La politique a peu joué, dit-on, dans le choix du Gripen. Mais il ne fait pas de doute que les autorités de Berne étaient intéressées par cette neutralité, un argument non chiffrable, bien sûr, mais qui n’en avait pas moins établi une forme discrète de complicité entre négociateurs. Par ailleurs, on est en droit de se demander comment les Suisses auraient pu justifier le choix du Rafale ou encore celui de l’Eurofighter.
Ces deux rivaux, plus différents qu’il ne le paraissent à première vue, pouvaient en effet être considérés comme «surqualifiés», trop performants, trop sophistiqués et, bien sûr, trop chers. La facture, dans un cas comme dans l’autre, aurait probablement été plus élevée de 25% au moins. Or la Suisse est le paradis européen des financiers et celui de la stratégie dite de «value for money».
Moins performant, certes, le Gripen affiche des performances sans aucun doute suffisantes pour le rôle qui va lui être confié. Le F-5 Tiger, même remis dans le contexte de l’époque lointaine où il était apparu sur le marché, n’était d’ailleurs pas considéré pour autre chose d’un minimum acceptable. Il y a donc là une certaine forme de constance dans l’expression des besoins opérationnels.
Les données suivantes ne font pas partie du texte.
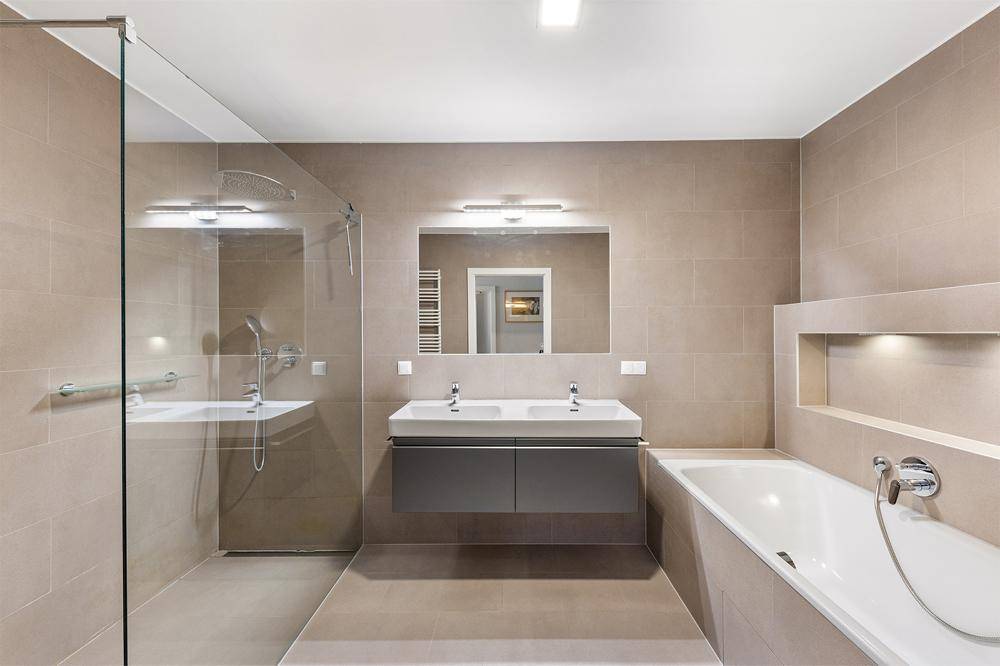 Das stilvolle Badezimmer mit Regendusche und Badewanne
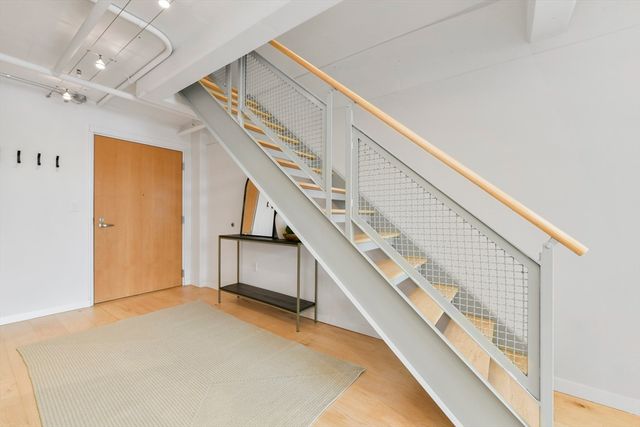 a bed room with a bed window and a table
Le cheminement de pensée tenu à Berne rappelle celui du Pentagone, dans les années soixante-dix : pourquoi mettre systématiquement en oeuvre des avions de combat biréacteurs très sophistiqués, d’un prix élevé, là où des appareils plus simples, monoréacteurs, peuvent assurer les missions ? Les Américains avaient ainsi formulé le «low mix», en pratique la cohabitation du «gros» F-15 et du petit F-16, léger dans tous les sens du terme.
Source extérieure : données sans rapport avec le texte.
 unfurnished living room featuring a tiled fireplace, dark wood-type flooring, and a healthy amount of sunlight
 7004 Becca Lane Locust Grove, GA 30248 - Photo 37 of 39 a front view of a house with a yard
Il suffit de prendre en considération la liste des acheteurs du Gripen : Afrique du Sud mise à part, il s’agit d’armées de l’Air souffrant chroniquement de sérieuses contraintes budgétaires et sans ambitions géopolitiques planétaires, Tchéquie, Hongrie, Thaïlande. Et, bien sûr, la Suède elle-même.
Si Dassault Aviation a commis une erreur, c’est d’avoir fondé de grands espoirs sur le marché suisse et de l’avoir fait savoir. Et cela bien que les dirigeants de leur concurrent suédois aient laissé percé un soupçon de surprise en apprenant leur victoire.
L’épreuve, le moment de vérité, c’est en Inde et aux Emirats qu’il interviendra. Et, en cas d’échec, les conséquences prendraient alors une tournure dramatique pour l’avenir commercial et industriel du Rafale. A Berne, rien de tel.